ところが、判例検索ソフトによって表示される裁判例は、圧倒的に損保側勝訴の事例が多いのです。
もちろん、訴訟になれば、お金に糸目をつけずに弁護士や専門家を多く投入し、ガチで戦ってくる損保の方が人員面でも証拠収集でも有利な面があることは否定できません。しかし、本当はもっと保険金請求者側が実質的に勝っている例があると私は考えています。
それならなぜ、判例ソフトには損保証書ばかりの裁判例が出ていて、保険金請求者側勝訴の判決がわずかしか出てこないのだ?というご指摘があるかもしれません。
理由は簡単です。
損保としては、この案件は負けそうだと判断すれば、いくらか支払って和解してしまうという手段があるからです。そうなれば裁判例として残りませんから、「○○損保が裁判で負けて保険金の払い渋りをしていたことが明らかになった」、などと報道されたり、ネットで騒がれる風評リスクもありません。
裁判官としても、和解であれば面倒な判決を書く必要がなくなるうえ、事件を一つ処理したことになります。判決になればどちらかが勝ち、どちらかが負けるので、負けたほうからさらに控訴されるなどして紛争がさらに継続する可能性もあります。控訴審で自分の書いた判決がひっくり返されることも裁判官としては嫌でしょうが、和解なら、争いがそこで終わるので、そのようなことも避けられます。裁判官としても和解で終わるなら大歓迎なのです。

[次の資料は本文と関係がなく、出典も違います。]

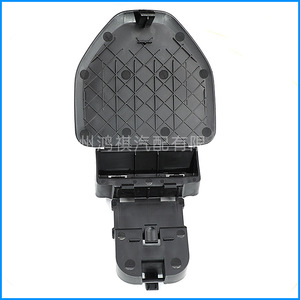 Support de triangle de signalisation arrière pour BMW Série 3, Série 4, Série 5, Série 7, numéro de pièce 51497383584 - Product Image 5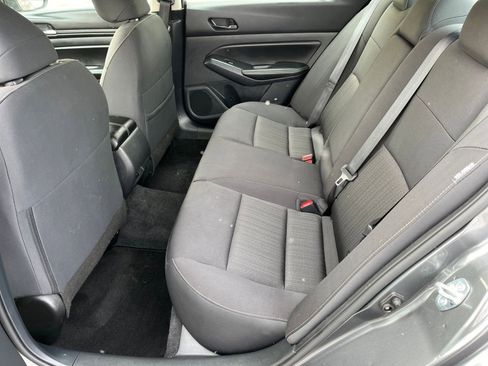 Used 2025 Nissan Altima 2.5 SV image 22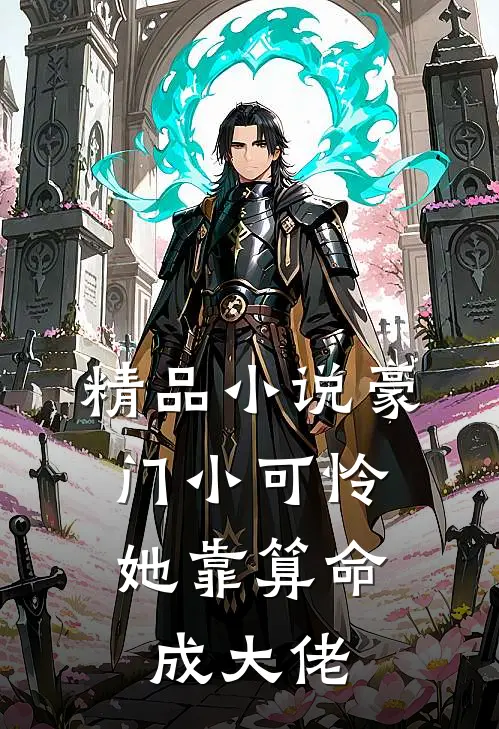 精品小说豪门小可怜，她靠算命成大佬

保険金請求者としては、和解を勧める裁判官から、判決になれば1円も認められないかもしれませんよ、と説得を受ければ、「それでも判決を下さい!」と勇気を持って言える人はそう多くありません。
現実に判決を書く人から、判決になれば1円認められないかもしれないといわれることは、とてつもない恐怖です。不満だけども0円になるリスクは冒せない人が多いのです。なぜなら、保険金請求者は火災に遭って家を焼け出され、弁護士費用もようやく工面しているなど、経済的にとても追い込まれた状況にあることが多いからです。

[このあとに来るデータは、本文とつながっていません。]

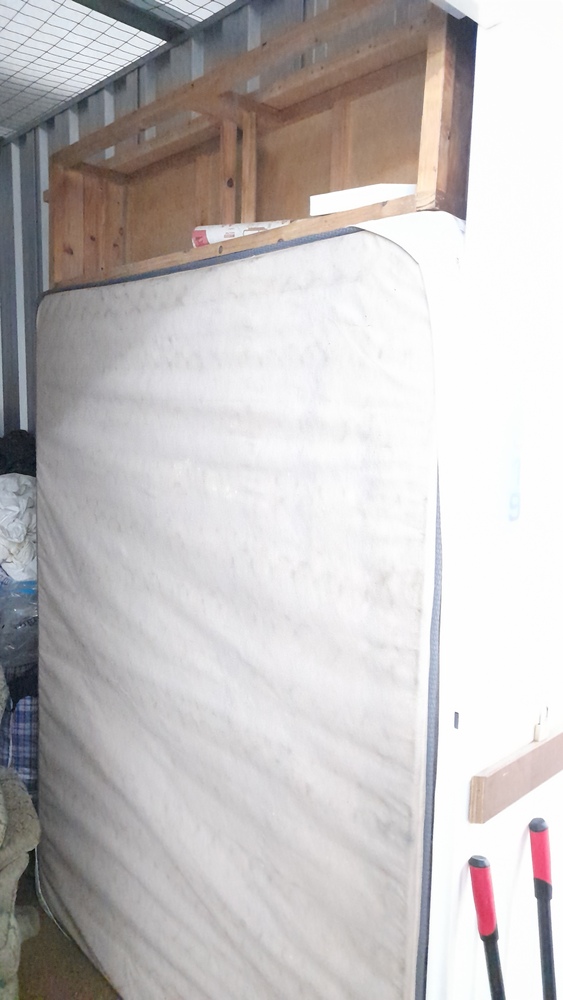 Storage King Mount Gravatt Storage Unit auction IB-9523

和解した事例は、判決が出たわけではありませんから、裁判所の判断もなされておらず、当然裁判例としては残りません。
以上から、判決まで至ってしまうのは、損保が「まず勝てる」と考えていた事案ばかりだといってもいいのではないか、と思います。
ですから、裁判例を調査してみたところ、損保の勝訴事例ばかりだということであっても、その損保勝訴裁判例の多さは、必ずしも実態を表しているとは限らないと考えることができる、ということになります。
一度、弁護士さんに相談してみることが大事だと思います。